# Your task
When you reach the line that contains "Mam'selle / Calypso Song" in the entries below, begin returning lines exactly as written and continue through the last one.

:: Extracted data ::

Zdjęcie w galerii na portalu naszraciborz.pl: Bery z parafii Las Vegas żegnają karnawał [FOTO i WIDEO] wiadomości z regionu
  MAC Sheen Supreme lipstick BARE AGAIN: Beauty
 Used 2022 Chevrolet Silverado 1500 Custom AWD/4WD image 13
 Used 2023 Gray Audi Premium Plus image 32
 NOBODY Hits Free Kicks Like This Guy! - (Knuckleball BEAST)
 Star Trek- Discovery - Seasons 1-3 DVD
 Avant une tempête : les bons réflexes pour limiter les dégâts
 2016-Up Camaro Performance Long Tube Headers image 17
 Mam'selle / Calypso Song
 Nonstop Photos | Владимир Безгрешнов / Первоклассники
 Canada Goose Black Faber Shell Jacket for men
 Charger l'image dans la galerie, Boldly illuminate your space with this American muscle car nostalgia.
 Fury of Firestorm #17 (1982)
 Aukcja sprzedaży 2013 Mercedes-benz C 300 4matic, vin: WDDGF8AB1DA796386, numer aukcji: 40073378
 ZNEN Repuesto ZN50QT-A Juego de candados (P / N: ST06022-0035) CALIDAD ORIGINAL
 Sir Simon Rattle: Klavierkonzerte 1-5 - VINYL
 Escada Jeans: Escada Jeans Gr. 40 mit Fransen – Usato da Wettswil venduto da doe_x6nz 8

:::

# Written solution
 Mam'selle / Calypso Song
 Nonstop Photos | Владимир Безгрешнов / Первоклассники
 Canada Goose Black Faber Shell Jacket for men
 Charger l'image dans la galerie, Boldly illuminate your space with this American muscle car nostalgia.
 Fury of Firestorm #17 (1982)
 Aukcja sprzedaży 2013 Mercedes-benz C 300 4matic, vin: WDDGF8AB1DA796386, numer aukcji: 40073378
 ZNEN Repuesto ZN50QT-A Juego de candados (P / N: ST06022-0035) CALIDAD ORIGINAL
 Sir Simon Rattle: Klavierkonzerte 1-5 - VINYL
 Escada Jeans: Escada Jeans Gr. 40 mit Fransen – Usato da Wettswil venduto da doe_x6nz 8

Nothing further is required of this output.